特急田中3号第十話

TBS系。金曜ドラマ特急田中3号」。第十話。
脚本:橋本裕志。音楽プロデューサー:志田博英。音楽:仲西匡。主題歌:KAT-TUN「喜びの歌」(J-One Records)。鉄道監修:南田裕介。制作:TBSテレビ。演出:坪井敏雄。
田中一郎(田中聖KAT-TUN])が何時になく自信を完全に喪失したのは何故だろうか。わずか数ヶ月の間に目黒照美(栗山千明)との間で余りにも多くのことがあり過ぎて、現実の厳しさを知らされて、もはや今までのようには嘘の自信を維持できなくなったという事情が前提としてあったろう。
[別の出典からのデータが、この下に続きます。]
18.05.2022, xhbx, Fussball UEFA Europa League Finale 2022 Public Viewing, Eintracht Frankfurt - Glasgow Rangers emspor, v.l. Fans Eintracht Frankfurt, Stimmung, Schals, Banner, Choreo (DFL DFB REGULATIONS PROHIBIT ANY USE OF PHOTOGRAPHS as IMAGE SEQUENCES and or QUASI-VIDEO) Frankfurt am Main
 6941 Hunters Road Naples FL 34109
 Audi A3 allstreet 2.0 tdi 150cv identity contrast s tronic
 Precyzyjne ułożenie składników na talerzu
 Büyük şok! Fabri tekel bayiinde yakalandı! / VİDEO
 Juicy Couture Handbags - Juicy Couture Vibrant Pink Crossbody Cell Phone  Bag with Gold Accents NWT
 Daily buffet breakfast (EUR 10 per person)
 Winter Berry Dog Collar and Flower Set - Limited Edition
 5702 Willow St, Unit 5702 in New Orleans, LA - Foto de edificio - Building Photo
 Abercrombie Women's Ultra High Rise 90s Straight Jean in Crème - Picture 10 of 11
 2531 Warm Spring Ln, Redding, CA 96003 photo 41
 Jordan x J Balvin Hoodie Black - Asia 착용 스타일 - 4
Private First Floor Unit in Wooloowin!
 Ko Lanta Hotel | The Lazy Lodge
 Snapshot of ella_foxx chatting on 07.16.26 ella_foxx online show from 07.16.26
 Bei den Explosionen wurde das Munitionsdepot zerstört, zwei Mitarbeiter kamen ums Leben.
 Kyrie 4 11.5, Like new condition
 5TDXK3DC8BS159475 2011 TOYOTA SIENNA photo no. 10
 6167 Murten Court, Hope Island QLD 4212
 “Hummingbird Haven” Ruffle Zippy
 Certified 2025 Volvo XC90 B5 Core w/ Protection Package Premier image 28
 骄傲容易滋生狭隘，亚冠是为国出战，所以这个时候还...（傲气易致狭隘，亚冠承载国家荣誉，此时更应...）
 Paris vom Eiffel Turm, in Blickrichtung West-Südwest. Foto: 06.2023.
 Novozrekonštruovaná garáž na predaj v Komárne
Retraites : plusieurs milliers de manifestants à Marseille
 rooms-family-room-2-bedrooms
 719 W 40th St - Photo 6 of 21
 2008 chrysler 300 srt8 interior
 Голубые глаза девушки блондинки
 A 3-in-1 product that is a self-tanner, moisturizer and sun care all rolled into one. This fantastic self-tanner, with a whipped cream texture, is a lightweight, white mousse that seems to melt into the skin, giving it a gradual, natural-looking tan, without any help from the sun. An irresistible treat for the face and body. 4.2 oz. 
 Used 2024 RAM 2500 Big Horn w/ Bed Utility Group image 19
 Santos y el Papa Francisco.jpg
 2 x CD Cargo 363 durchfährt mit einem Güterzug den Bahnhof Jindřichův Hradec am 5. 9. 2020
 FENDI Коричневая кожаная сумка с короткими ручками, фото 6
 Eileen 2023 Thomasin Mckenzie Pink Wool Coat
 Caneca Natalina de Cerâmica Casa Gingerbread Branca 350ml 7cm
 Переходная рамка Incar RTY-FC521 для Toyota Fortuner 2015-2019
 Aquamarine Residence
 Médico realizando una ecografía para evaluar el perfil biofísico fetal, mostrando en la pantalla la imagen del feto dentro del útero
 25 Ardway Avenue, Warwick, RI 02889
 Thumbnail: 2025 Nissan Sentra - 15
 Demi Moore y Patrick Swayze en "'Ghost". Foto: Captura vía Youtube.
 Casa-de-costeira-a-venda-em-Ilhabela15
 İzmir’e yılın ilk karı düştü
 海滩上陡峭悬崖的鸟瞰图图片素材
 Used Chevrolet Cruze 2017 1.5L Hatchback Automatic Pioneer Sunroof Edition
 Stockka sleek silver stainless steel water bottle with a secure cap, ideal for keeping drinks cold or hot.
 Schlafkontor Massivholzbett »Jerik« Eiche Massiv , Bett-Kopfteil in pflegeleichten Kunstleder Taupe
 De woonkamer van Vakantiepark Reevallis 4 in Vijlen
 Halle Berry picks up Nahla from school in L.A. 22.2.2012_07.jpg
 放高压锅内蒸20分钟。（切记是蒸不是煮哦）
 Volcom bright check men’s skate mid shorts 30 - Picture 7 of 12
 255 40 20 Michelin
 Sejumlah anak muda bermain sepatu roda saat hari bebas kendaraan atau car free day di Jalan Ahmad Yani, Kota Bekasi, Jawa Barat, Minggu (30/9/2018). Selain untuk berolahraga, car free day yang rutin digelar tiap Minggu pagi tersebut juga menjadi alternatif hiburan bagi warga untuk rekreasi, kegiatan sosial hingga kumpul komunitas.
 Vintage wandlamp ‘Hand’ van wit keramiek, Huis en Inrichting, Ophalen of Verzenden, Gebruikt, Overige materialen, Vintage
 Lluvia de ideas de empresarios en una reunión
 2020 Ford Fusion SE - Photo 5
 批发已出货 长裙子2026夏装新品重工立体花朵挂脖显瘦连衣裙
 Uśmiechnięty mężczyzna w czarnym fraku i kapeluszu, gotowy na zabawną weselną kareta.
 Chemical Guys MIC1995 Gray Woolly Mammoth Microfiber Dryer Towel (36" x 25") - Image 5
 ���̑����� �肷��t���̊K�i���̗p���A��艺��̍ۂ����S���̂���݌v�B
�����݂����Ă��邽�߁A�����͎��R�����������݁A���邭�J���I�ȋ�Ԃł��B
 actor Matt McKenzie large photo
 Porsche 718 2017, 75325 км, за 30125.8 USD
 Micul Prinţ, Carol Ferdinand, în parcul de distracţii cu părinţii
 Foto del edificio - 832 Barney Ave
そうした中で、苦境の中を必死に頑張って仲間の花形圭(塚本高史)と桃山誠志(秋山竜次[ロバート])とともに具体的に見始めていた大きな夢が徹底的に粉砕されてしまったことで、大きな夢なんか見ても空しいこと、将来に光なんかないこと、明日はないことを突き付けられたのは致命傷だった。加えて目黒照美が職業に関することで悩んでいる今、己の悩みを明かすことで慰めを求めることもできない状況にあるという彼なりの配慮もあったろう。しかも決定的だったのは、目黒照美の悩みが、志望する仕事で千載一遇の大栄転の好機に恵まれたことに関して生じているという事実にある。派遣社員として働く目黒照美は、自身の企画が採用されて正式に会社の業務とされたのに伴い、九州の日豊本線で行く繊維工業の街、宮崎県延岡市に赴いてその業務を遂行するという極めて重要な任務を与えられたのだ。「夢」をかなえる大きな飛躍の機会だ。ここにおいて田中一郎は、目黒照美を仕事へ邁進させるために東京への未練を断ち切らせる必要があるとすれば、そのために己との決別も有効であるなら、己を悪役にしてでも別れるべく努力しなければならないと思ったに相違ない。同時に己自身の問題として、目黒照美と己との境遇の違いを感じて己自身に改めて失望したという面もあったはずだ。